We rated the certainty of the evidence as low for sensitivity and specificity and downgraded two levels in total for risk of bias due to limitations in the design and conduct of the included studies, indirectness arising from the in vitro studies, and the observed inconsistency of the results.
Authors' conclusions
The design and conduct of studies to determine the diagnostic accuracy of methods to detect and diagnose caries in situ are particularly challenging. Low‐certainty evidence suggests that imaging for the detection or diagnosis of early caries may have poor sensitivity but acceptable specificity, resulting in a relatively high number of false‐negative results with the potential for early disease to progress. If left untreated, the opportunity to provide professional or self‐care practices to arrest or reverse early caries lesions will be missed. The specificity of lesion detection is however relatively high, and one could argue that initiation of non‐invasive management (such as the use of topical fluoride), is probably of low risk.
CBCT showed superior sensitivity to analogue or digital radiographs but has very limited applicability to the general dental practitioner. However, given the high‐radiation dose, and potential for caries‐like artefacts from existing restorations, its use cannot be justified in routine caries detection. Nonetheless, if early incidental carious lesions are detected in CBCT scans taken for other purposes, these should be reported. CBCT has the potential to be used as a reference standard in diagnostic studies of this type.

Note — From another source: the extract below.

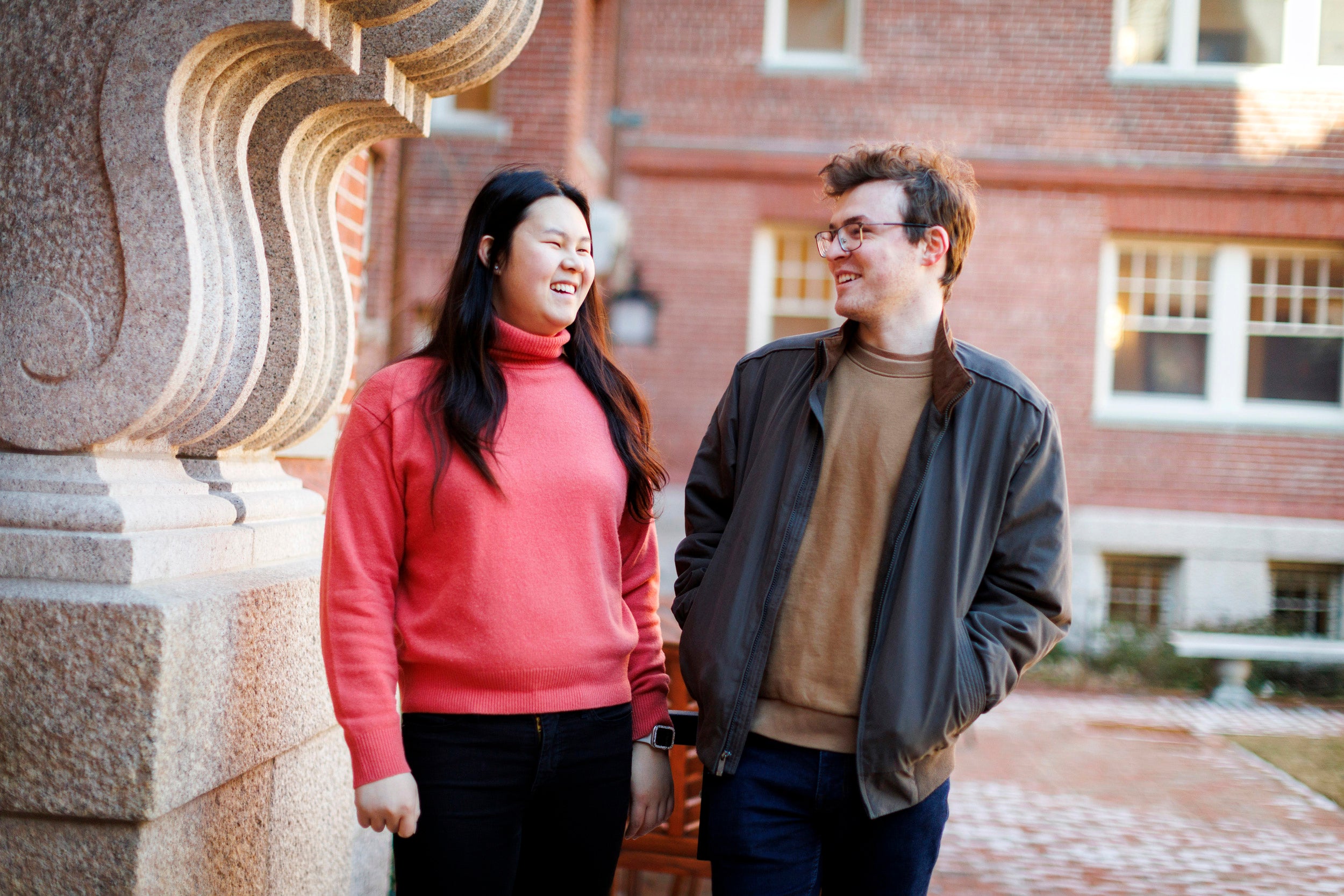 Lily Liu (left) and Tate Underwood share a moment in the Randolph Courtyard, one of their favorite locations at Adams House.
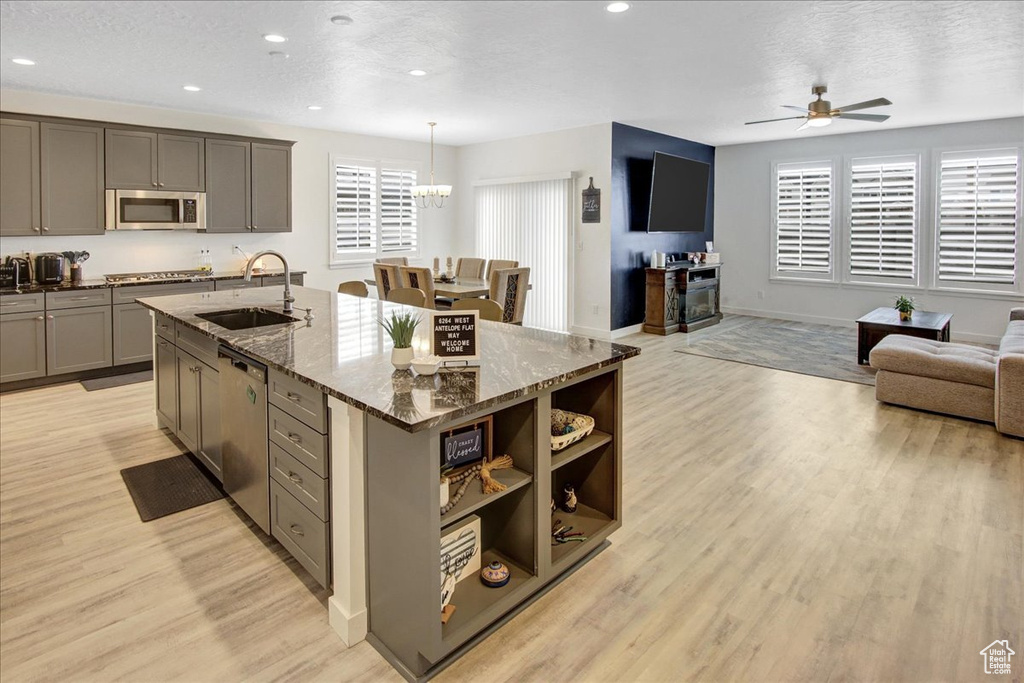Kitchen with ceiling fan with notable chandelier, open floor plan, a sink, appliances with stainless steel finishes, and gray cabinetry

Despite the robust methodology applied in this comprehensive review, the results should be interpreted with some caution due to shortcomings in the design and execution of many of the included studies. Future research should evaluate the comparative accuracy of different methods, be undertaken in a clinical setting, and focus on minimising bias arising from the use of imperfect reference standards in clinical studies.